This is a short high level overview to show you what is our software and hardware infrastructure @ ADA Point Pool.
Overall goal of our pool is that people have a quality and low fee pool to delegate to which provides max return on investment (ROI) every EPOCH.
The strategy to achieve that goal is for us to have the biggest uptime possible at competitive price/block. In other words having high reliability; no downtime, which means we should produce blocks every time we are assigned to produce them.
Being a highly reliable staking pool means we have to take care of many services in our stack. Lets try to list some: electricity, hardware components, reliable internet, backups, operating system, custom scripts, Cardano Jormungandr node.
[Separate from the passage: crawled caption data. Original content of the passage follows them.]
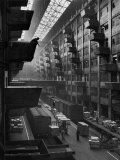 Off-Loaded Freight From Box Cars Being Hoisted Up to Jutting Loading Platforms at Brooklyn Army Bas Lámina fotográfica por Andreas Feininger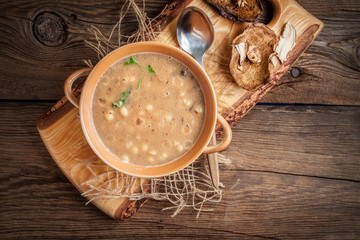 Mushroom soup on a wooden table.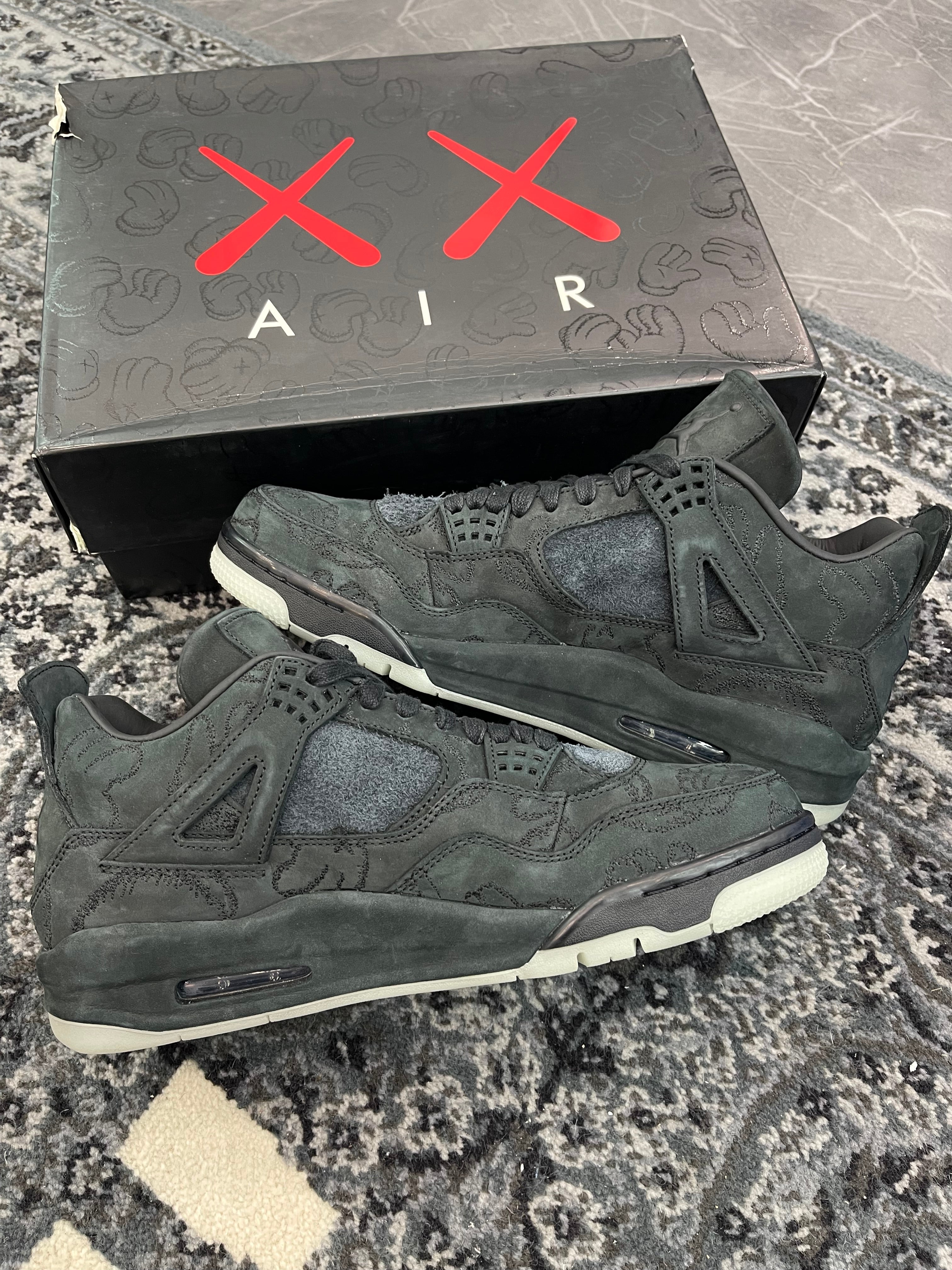 Jordan 4 x Kaws “Black”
If we would try to manage all of them it would be very expensive, therefore we decided to go with a common practice, to lower some of this costs. We use an IaaS provider which is common in the industry, therefore we can delegate some of the responsibilities to companies whose core goal is to provide the most basic computing services to their clients.
ADA Point Pool
Custom workflow scripts
Cardano Jormungandr node
- no electricity downtime, power batteries and generators
- hardware is virtualized, if some component fails there is no downtime
- data center is usually situated or have a good connection with the internet backbone cables so network latencies are much better
- automated backups
- popular OS can be quickly installed & booted
- other driver, hardware optimizations that happen in the background
- server grade hardware Xeon, ECC RAM, …
- relatively speaking low cost for what you get
- not directly in line with decentralization effort
- no customizations at this levels, for example you cannot power your server with solar power
- if reliability of this services is bad you cannot directly affect this yourself
The pluses in our case out-weighted the minuses.
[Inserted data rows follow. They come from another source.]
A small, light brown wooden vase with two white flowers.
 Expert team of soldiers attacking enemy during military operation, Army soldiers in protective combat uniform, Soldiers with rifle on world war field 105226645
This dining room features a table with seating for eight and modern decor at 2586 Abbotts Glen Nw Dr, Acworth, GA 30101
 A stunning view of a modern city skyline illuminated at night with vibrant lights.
To address the negative sides. Decentralization — wise we have a separate backup system. We have a spare IaaS provider and if that fail a direct hardware machine when we can run our nodes if the need arises. This can happen with IaaS if reliability becomes bad or from other social pressures that come with running decentralized nodes.
ADA Point Pool services
For good basic low level step by step setup you can follow an awesome Chris Graffagnino tutorial. Here we will describe some things that we do beyond that.
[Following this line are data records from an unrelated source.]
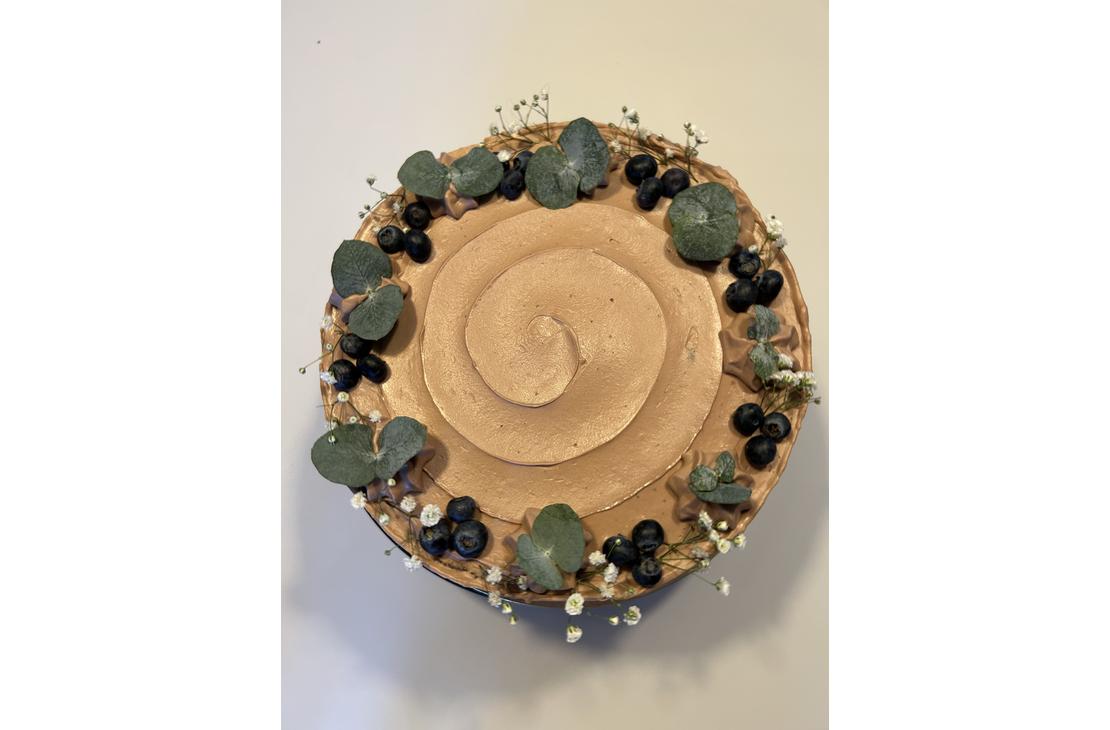 Yläviistosta otettu kuva vaaleanruskealla kuorrutteella päällystetystä kakusta, joka on koristeltu reunoilta mustikoilla, pienillä valkoisilla kukilla ja eukalyptuksen lehdillä.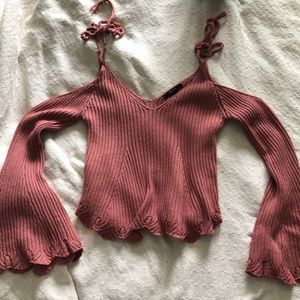 knitted like long sleeve open shoulder top.
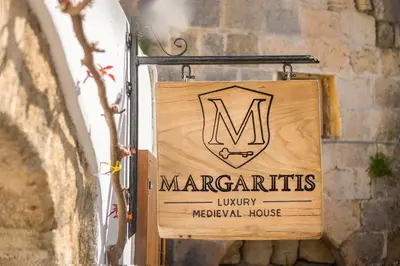 a sign for a margatories luxury medieval house at Margaritis Luxury Medieval House in Rhodes Town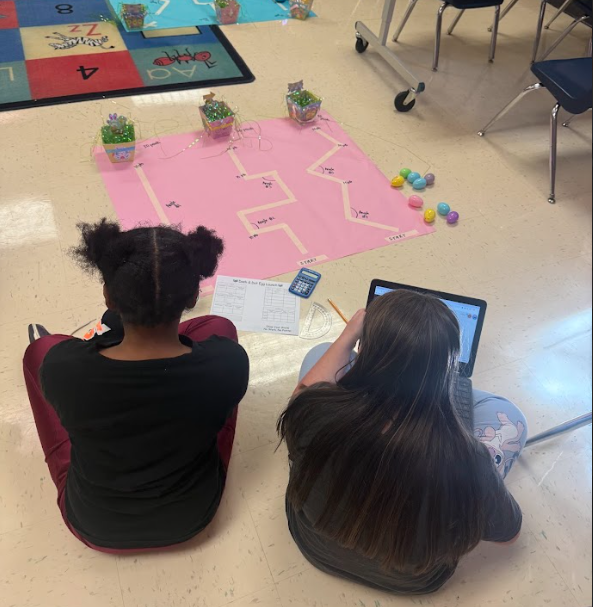 students navigating robot down path
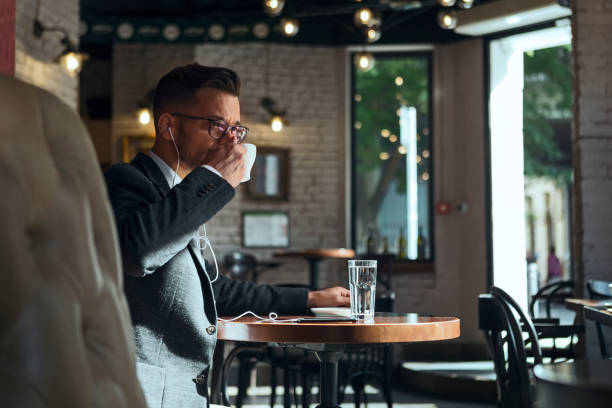 istock Happy businessman on a coffee break using phone with headphones 1161746429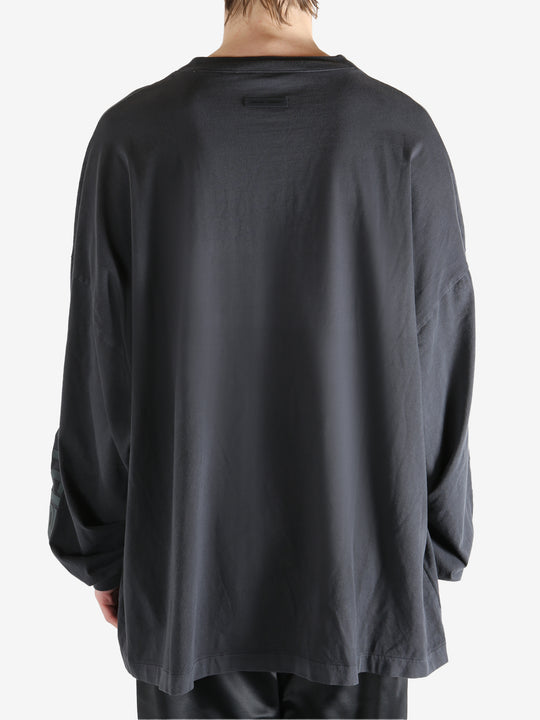 Black shirt worn by a person, showing the shirt's fit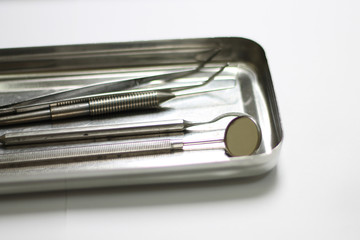 dental instruments close-up in the tray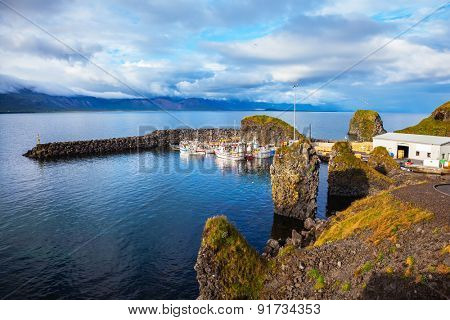Sunset on the fjord in Iceland. White fishing boat in the harbor pier village Arnastapi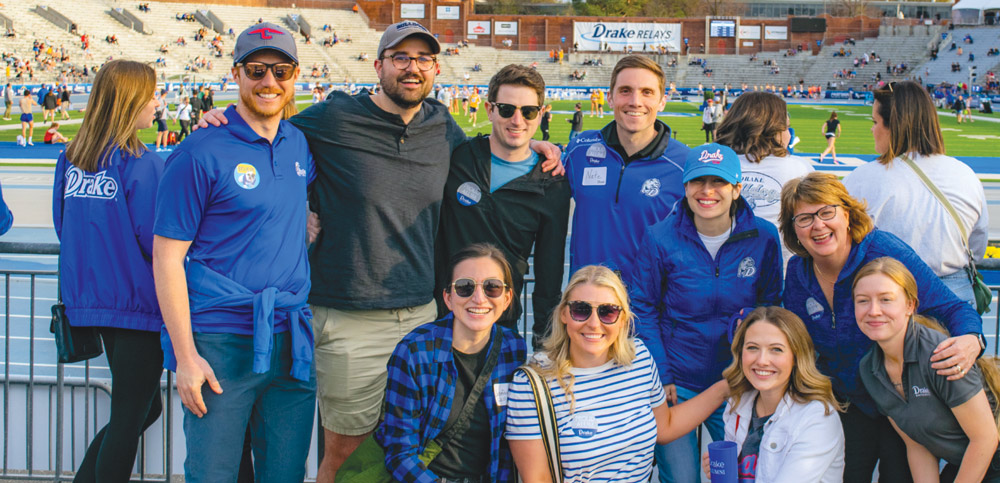 Group of ten people posing in a stadium, wearing casual blue-themed clothing.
We are running a server version of Ubuntu 18.04.
There are other important parts for pool operators that you have to take care of on the operating system level:
- Operating system should be updated with latest security patches
- Properly configure firewall, we use ufw
- DO NOT install or add any services that are not crucial to node service operation
- Setting correct operating system permissions; This really helps with what you can screw up unintentionally. Also it helps with what an attacker can do in your system
- Use SSH keys to login to the system
Also a useful tip is to use mobile SSH client on the go. We use JuiceSSH. This is really handy especially after stability upgrades if you get an alarm so you can quickly check if everything is in order wherever you are. Also in an emergency you can do a quick fix or revert just so you don’t miss any blocks.
Custom workflow scripts
There are always some scripts that devops(sysadmins, IT) need to automate some tasks so they are not repeated everytime. This should all be tracked with a version manager like git. So when we are updating scripts we can track changes and revert if something goes wrong. Also it is more easy to transfer them to a new computer.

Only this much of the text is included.